Within our Bar Association, the opponents of this Bill also included the Business Law Section which, after careful study, concluded that this legislation -- far from reducing litigation -- would actually create a hot-bed of litigation challenging its constitutionality. Indeed, Ohio’s version of this legislation was recently declared unconstitutional because it precludes a citizen’s right to trial by jury. Even the Chair of the Pennsylvania Bar Association’s Corporation, Banking and Business Law Section, William H. Clark, Jr. (who sits on our Business Law Executive Committee) saw no reason to support this Bill, stating that it “just strikes the wrong balance, as a matter of public policy, between the rights of injured people and the interests of the business community.”

Our Business Law Section also found that the Bill’s proposal to limit punitive damages to a flat rate and its treatment of joint and several liability were, and I quote, “equally troubling.”
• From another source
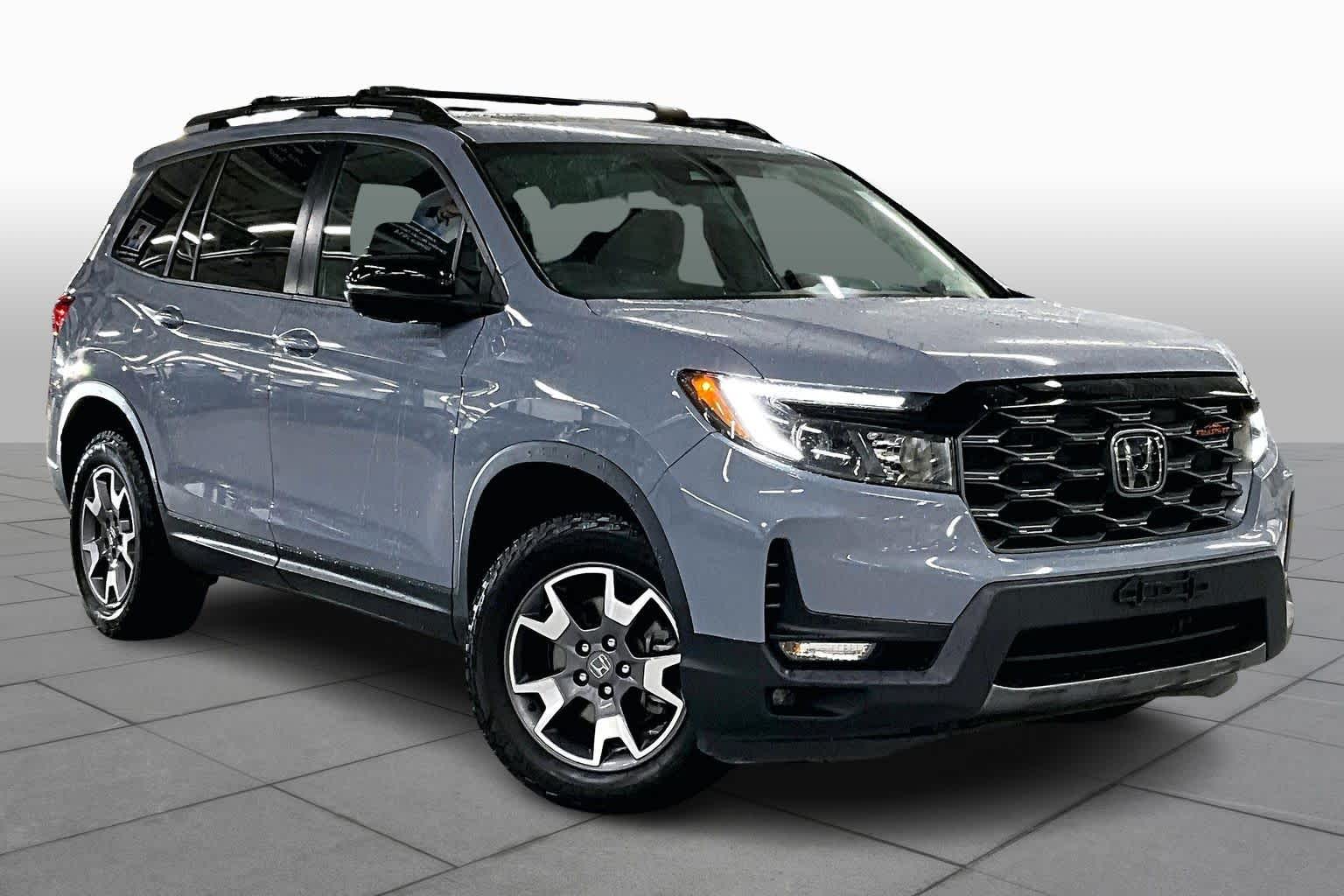 2022 Honda Passport TrailSport photo 2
I want to point out as part of our wide-ranging debate on the legislation, we also invited and heard from members of the State Civil Justice Commission which supports the legislation. We listened and carefully considered all of the many points raised by that group as well on two separate occasions at two different Board meetings. I have to say, however, after considering that Pennsylvania is 49th among states in the filing of civil law suits and realizing that the average amount of damage awards here is substantially lower than in many other states, we came to wonder: What is wrong with the law in Pennsylvania as it exists today? Why the great rush for change?

In the end, after many hours of consideration of this legislation and a very thorough airing, the Board of Governors of the Philadelphia Bar Association unanimously voted to oppose Senate Bill 5 because it is detrimental to the procedural and substantive rights of parties engaged in tort litigation in the Commonwealth of Pennsylvania. It would deny fundamental rights to the people of this state. It would erode the rights of injured consumers. And while doing all this, we are convinced that SB5 would have little or no beneficial impact on the other side of the scales. It will not decrease litigation. It will not be a remedy for a perceived litigation crisis which may not even exist in the first place. It will not help business. It will create no tangible and economic benefits to the citizens of the Commonwealth. And finally, the constitutionality of the legislation still continues to be in question.

We are pleased to be joined by other Bar Associations from the region and throughout the state in raising our concerns about this issue. As officers of the court, we feel a special obligation to work to protect the rights of ordinary people. This proposed legislation has united all of those who care about those rights. Both within our professional family and beyond -- in each individual Bar Association and among the many associations -- I have seen great unity on this issue. Very real and very serious concerns are raised regarding this legislation.

Please understand that we endorse and support all efforts to ensure that law suits filed in this state are meritorious and are fairly resolved. But we do not believe that this Bill is the means to such an end. We respectfully request the Committee and the legislature to oppose Senate Bill 5. Thank you.